"Curious," I said. "I thought I heard a game going on last night."
"I've heard it myself, sir, several times. There being no light in the room, I've put it down to a loose ventilator. The wind moves it and it clicks."
"That'll be it," I said. Five minutes later I had made sure that there was no loose ventilator in the billiard-room. Besides, the sound of one ball striking another is not quite like any other sound. I also went up to the board and turned the score back, which I had omitted to do the night before. Just then Harry passed the door on his way from the bar, with a cigarette in his mouth as usual. I called him in.

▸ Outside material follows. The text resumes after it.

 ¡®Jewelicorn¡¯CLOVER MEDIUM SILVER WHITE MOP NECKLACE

"Harry," I said, "give me thirty, and I'll play you a hundred up for a sovereign. You can tell one of the girls to fetch our cues from upstairs."

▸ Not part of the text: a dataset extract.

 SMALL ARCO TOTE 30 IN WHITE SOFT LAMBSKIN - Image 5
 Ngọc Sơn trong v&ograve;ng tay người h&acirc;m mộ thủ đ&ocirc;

Harry took his cigarette out of his mouth and whistled. "What, uncle!" he said. "Well, you're going it, I don't think. What would you have said to me if I'd asked you for a game at ten in the morning?"
"Ah!" I said, "but this is all in the way of business. I can't see much wrong with the table, and if I can play on it, then other people may. There's a chance to make a sovereign for you anyhow. You've given me forty-five and a beating before now."
"No, uncle," he said, "I wouldn't give you thirty. I wouldn't give you one. The table's not playable. Luck would win against Roberts on it."
He showed me the faults of the thing and said he was busy. So I told him if he liked to lose the chance of making a sovereign he could.
"I hate that room," he said, as we came out. "It's not too clean, and it smells like a vault."
"It smells a lot better than your cigarettes," I said.